No entanto, essas vozes e estratégias, por mais potentes que sejam, não podem ficar restritas à comunidade. Elas precisam ecoar e se transformar em ação política e direitos garantidos.
Da Rua à Política Pública, Um Chamado por Direitos
A mensagem que emerge do debate é inequívoca: na ausência de um Estado que cuida, trabalhadoras e trabalhadores do sexo desenvolvem sofisticados sistemas de apoio. Agora, o passo mais urgente é que o Estado e a sociedade finalmente se disponham a ouvir essas vozes e transformar suas experiências em políticas públicas eficazes e humanas — uma necessidade nascida do trauma e da resiliência.
As propostas apresentadas pelos participantes apontam um caminho claro e urgente:
Falar abertamente: A mudança começa com o fim do tabu. Nas palavras diretas de Val, é preciso "falar mais sobre sexo, falar mais sobre gozar, falar mais sobre dar o cu, dar o priquito". A comunicação honesta é a principal ferramenta contra o estigma.

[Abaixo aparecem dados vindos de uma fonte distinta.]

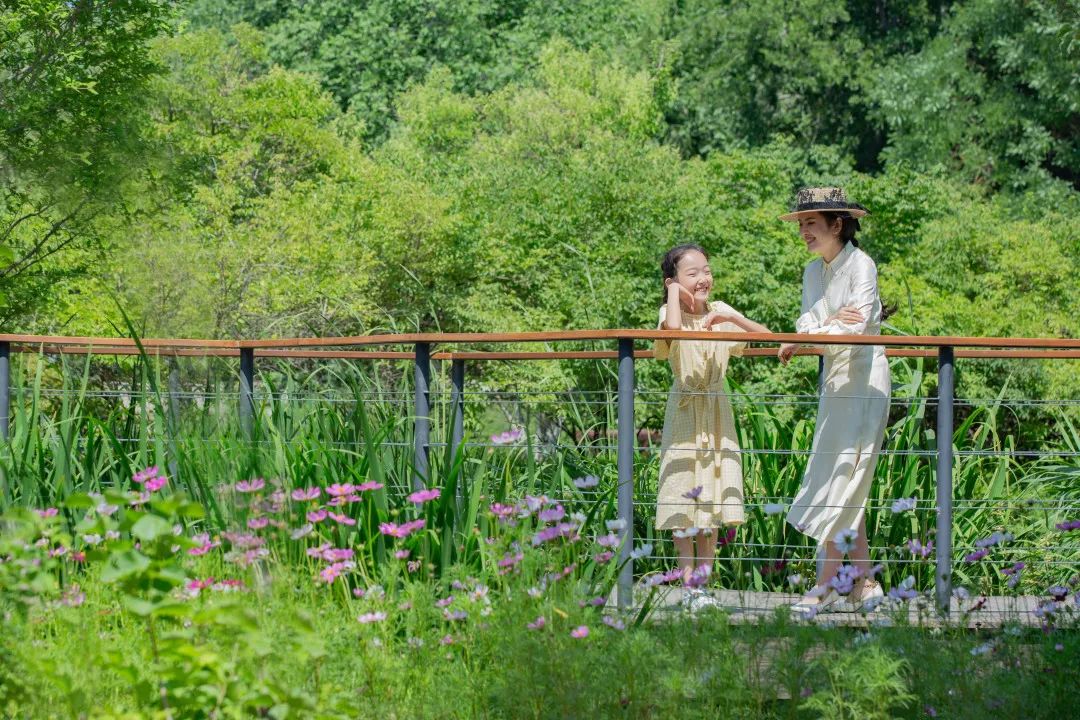 露天电影、跳蚤市场、尤克里里手作、3D彩绘……济南天鸿万象东方夏日狂欢high起来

Circular Informação: Assim como as substâncias circulam, a informação sobre saúde e redução de danos também precisa chegar a todos. "As informações também têm que estar circulando", defende Val.
Reconhecer Direitos: O trabalho sexual precisa ser tratado como um direito. As políticas públicas devem ser desenhadas para alcançar essa população com dignidade, e não apenas com repressão.
Educar Clientes e Profissionais: A sensibilização não pode se restringir aos trabalhadores do sexo. É fundamental levar informação aos clientes e capacitar profissionais de saúde para que o cuidado seja oferecido de forma efetiva e livre de preconceitos.
As narrativas de Val, Marcelo e Gabriela são um chamado à ação. Elas nos lembram que por trás de cada estigma existe uma vida que pulsa, resiste e luta por dignidade. Ouvir essas histórias não é apenas um ato de empatia, mas um passo essencial para a construção de políticas que, em vez de apagar, finalmente visibilizem e protejam.